Russian Railroads est un jeu qui a beaucoup fait parler de lui ces dernières semaines, et pour cause. C'est un jeu originalement proposé par Hans im Glück, éditeur allemand qui nous a déjà offert quelques belles perles par le passé. Et lors du dernier salon d'Essen, c'est lui qui occupait fièrement la première place du classement Fairplay (qui vaut ce qu'il vaut, mais en général le n°1 n'est jamais un mauvais jeu). Un des auteurs n'est autre que Helmut Ohley, le papa des excellents Poseidon et Railroad Barons, des "18XX-like", bref des références parmi les jeux de train exigeants (= réservés à des joueurs initiés). Et pour couronner le tout, cette année nous avons la chance de pouvoir bénéficier d'une version française dès la sortie de la version originale, merci Filosofia !

Le peu que j'avais suivi de ce jeu, c'était l'illustre auteur et le fait qu'il y avait des locomotives de plus en plus performantes. Du coup, je m'attendais à y retrouver des mécanismes propres à 1830 comme l'obsolescence des locomotives. Niet ! Russian Railroads est juste un jeu de pose d'ouvriers. Quand je dis "juste", je ne veux pas être péjoratif, car nous allons le voir, le jeu regorge de bonnes idées. Mais globalement la seule action que feront les joueurs à leur tour de jeu, c'est de placer leurs ouvriers sur une case libre et d'y effectuer l'action associée. Et c'est là que se cache la richesse du jeu : dans la multitude des actions possibles.

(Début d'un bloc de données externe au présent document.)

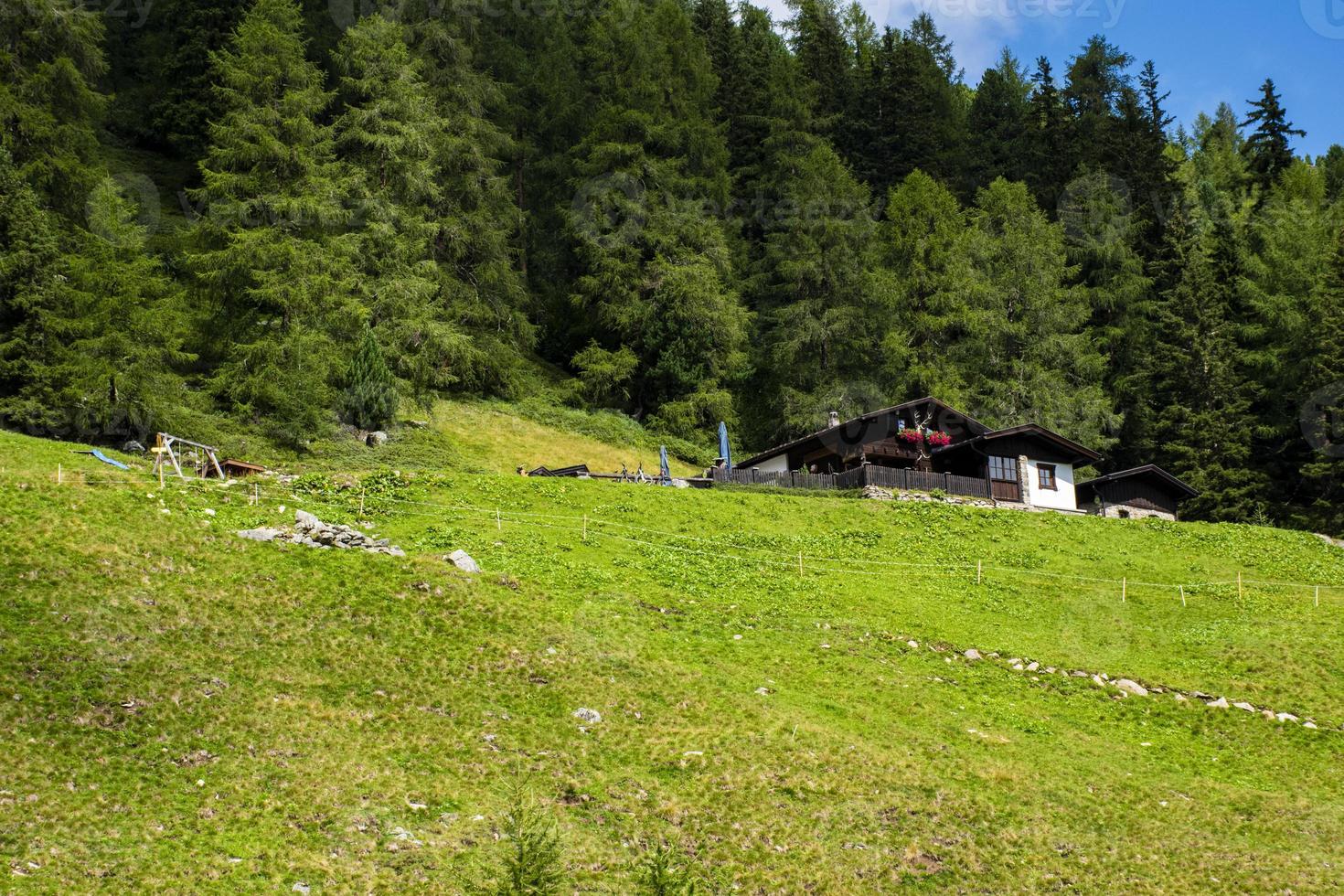 Mountain hut and forest photo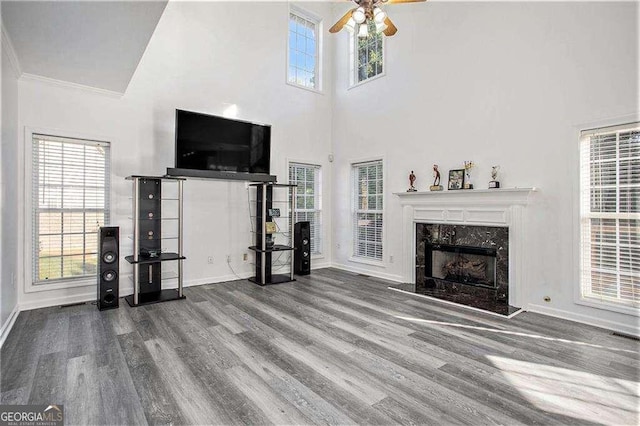 unfurnished living room featuring a healthy amount of sunlight, a fireplace, and wood finished floors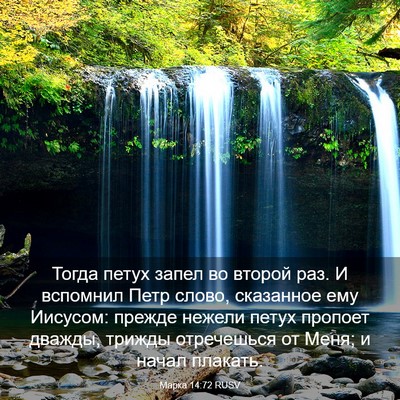 Picture 03 - Марка 14:72 RUSV - Тогда петух запел во - Bible Verse Picture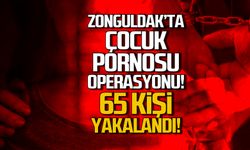Zonguldak'ta çocuk pornosu operasyonu! 65 kişi yakalandı!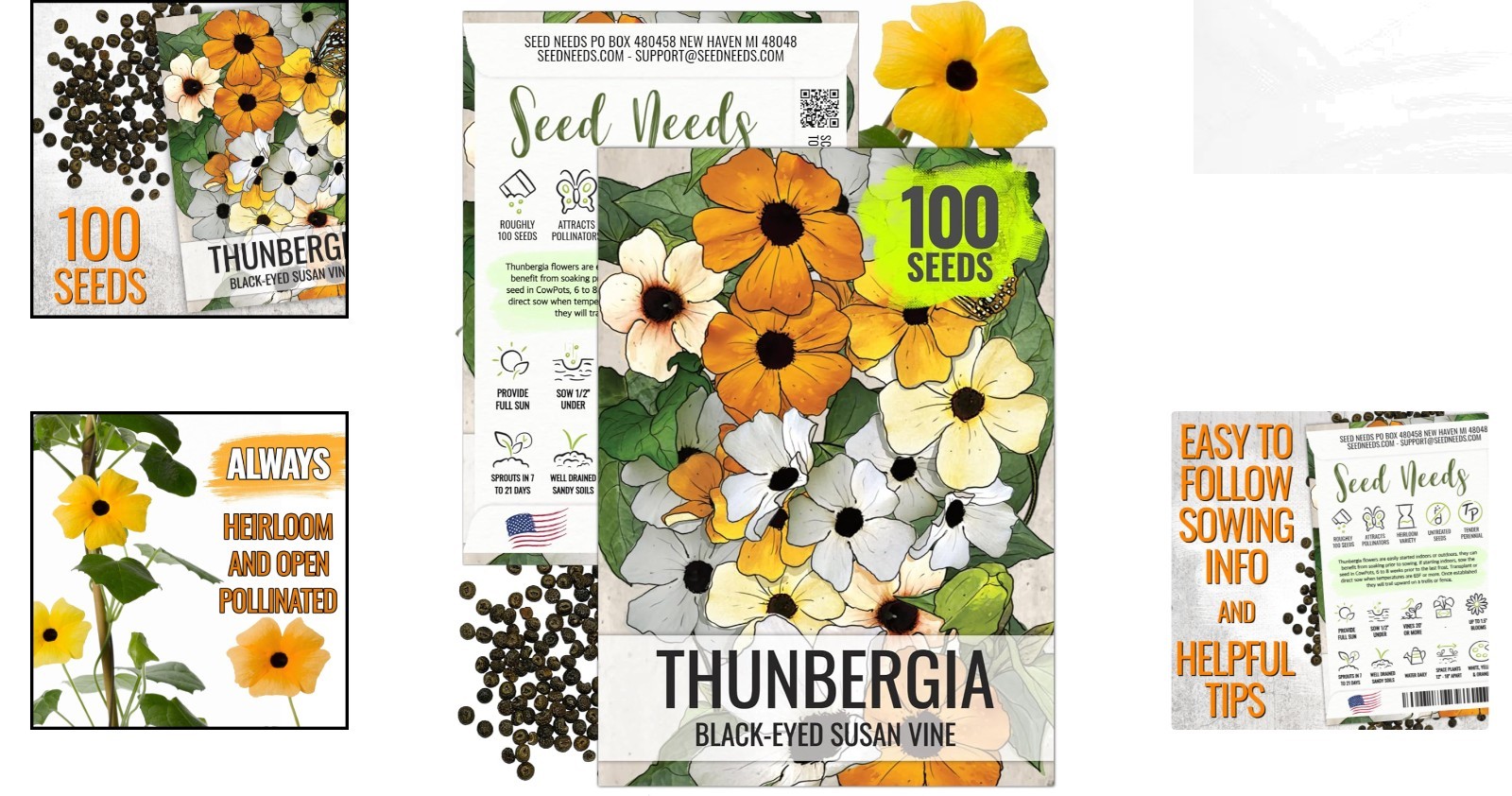 Thunbergia Alata Black-Eyed Susan Vine Seeds – Annual Blooms & Garden Privacy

Nous sommes dans un jeu allemand, donc malgré l'existence d'un thème, c'est un jeu aux mécanismes bien huilés, et la victoire se déterminera au nombre de points de victoire. Il existe de nombreuses façons d'en gagner : en développant son réseau sur trois voies (Moscou -> Vladivostok, Moscou -> Saint-Pétersbourg, et Moscou -> Kiev), mais aussi en développant son industrie, ou encore en recrutant des ingénieurs.
Et, comme dans tout jeu de pose d'ouvriers qui se respecte, il y a une forte interaction entre les joueurs pour choisir judicieusement quelle action jouer avant qu'elle ne soit prise par les adversaires. Et bien évidemment, au cours de la partie, ce ne seront pas toujours les mêmes actions qui seront privilégiées.

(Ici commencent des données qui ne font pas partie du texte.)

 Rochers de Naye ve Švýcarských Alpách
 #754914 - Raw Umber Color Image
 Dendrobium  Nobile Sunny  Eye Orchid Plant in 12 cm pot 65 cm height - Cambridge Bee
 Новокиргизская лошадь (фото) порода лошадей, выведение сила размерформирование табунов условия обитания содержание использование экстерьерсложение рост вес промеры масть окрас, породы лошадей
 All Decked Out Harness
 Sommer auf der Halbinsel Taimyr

Pour le reste, il n'y a rien à redire. La multitude de choix possibles grâce à la diversité des actions et des axes pour marquer des points de victoire et obtenir des bonus au développement en font un jeu de premier choix pour tout amateur de cubes en bois qui se respecte. Car signe d'un jeu complet et bien pensé, il existe plusieurs stratégies possibles (foncer vers Vladivostok, développer son industrie, les axes secondaires...) et qui semblent avoir été bien équilibrés (normal pour un jeu allemand me direz-vous).

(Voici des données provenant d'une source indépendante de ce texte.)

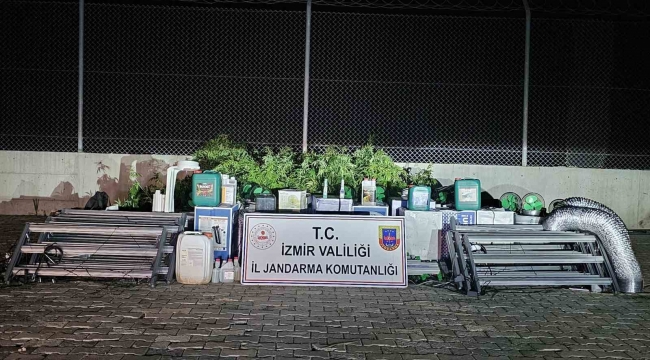 İzmir'de 'skunk' operasyonu: 183 kök ele geçirildi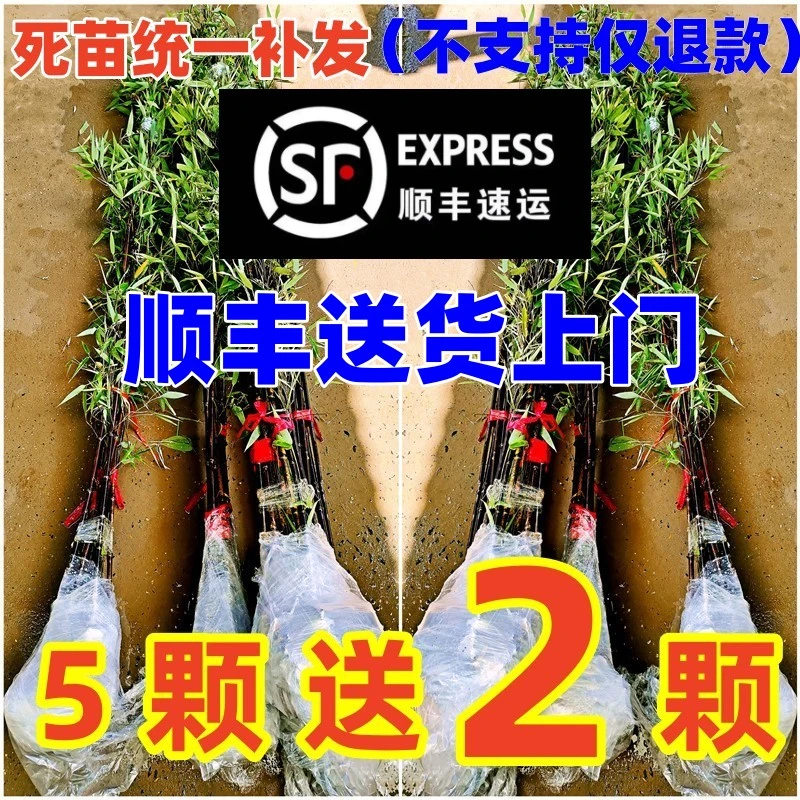 【福利新号专享】【买10棵送5棵】正宗紫竹苗庭院竹苗盆栽100送80颗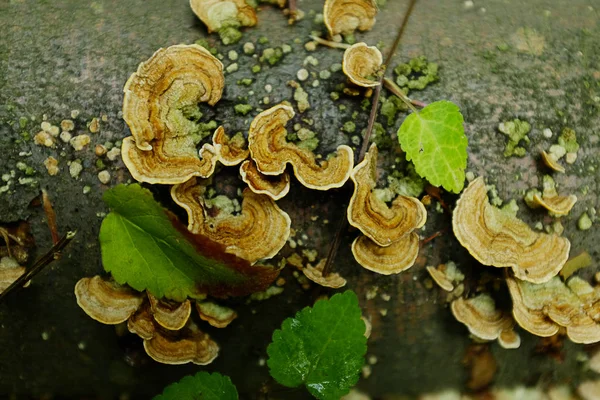 Ungenießbare Pilze und Laub auf einem Baumstamm. — Stockfoto
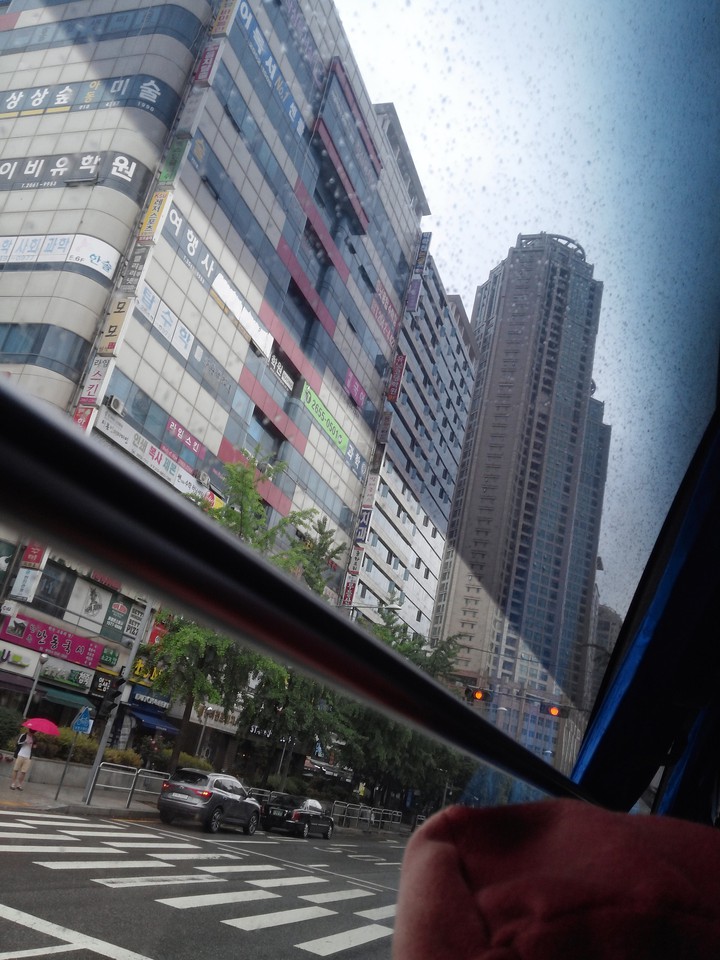 비오는 날의 풍경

Au niveau de la réalisation, c'est un sans faute. La règle est d'une limpidité inhabituelle pour un jeu d'une telle richesse. Au niveau de l'iconographie, aucun doute n'est possible sur les effets de telle ou telle action ou sur les effets d'une carte. Bref, on sent qu'Hans im Glück n'en est pas à son premier jeu, loin s'en faut ! Enfin, la réalisation des plateaux individuels est exemplaire : malgré la quantité d'informations affichée, tout reste parfaitement lisible, on comprend toujours quelle piste octroie un bonus et comment sont évalués les points de victoire.
Enfin, un petit mot sur le travail des illustrateurs, Claus Stephan et Martin Hoffmann. Ces dernières années, les éditeurs français ont fait très fort en matière d'illustrations. A tel point que désormais les éditeurs allemands n'ont plus d'autre choix que de suivre la cadence. Et ici, c'est encore une fois impeccable. Les illustrations embellissent le jeu sans réduire sa lisibilité, et on retrouve bien la thématique russe. Signe de ces temps nouveaux pour les illustrateurs, ils sont aussi le droit à un court texte de présentation sur le côté de la boîte !

Le seul défaut que je vois à ce jeu, c'est son interaction limitée. Tout se joue au niveau de la pose d'ouvriers. Il y a certes de la pression pour savoir dans quel ordre poser ses ouvriers par rapport aux actions que risque de faire l'adversaire, mais à part ça, le jeu demande une telle optimisation dans ses actions pour maximiser ses points que jamais un joueur n'ira prendre une action juste pour gêner son adversaire. Et il n'existe pas d'autre type d'interaction. Il est en effet impossible d'intervenir sur les plateaux adverses, ni de les stopper dans leur développement (pas de grève des ouvriers par exemple, ou de bombardements comme cela est possible dans Manhattan Project).
Pour faire un peu de hors-sujet, dans le genre, je préfère Manhattan Project qui ajoute des éléments intéressants (récupération des ouvriers, cartes en main gardées secrètes, etc), mais comme il ne tourne pas bien à deux (trop simple) c'est seulement une alternative à Russian Railroads dans une configuration à quatre joueurs.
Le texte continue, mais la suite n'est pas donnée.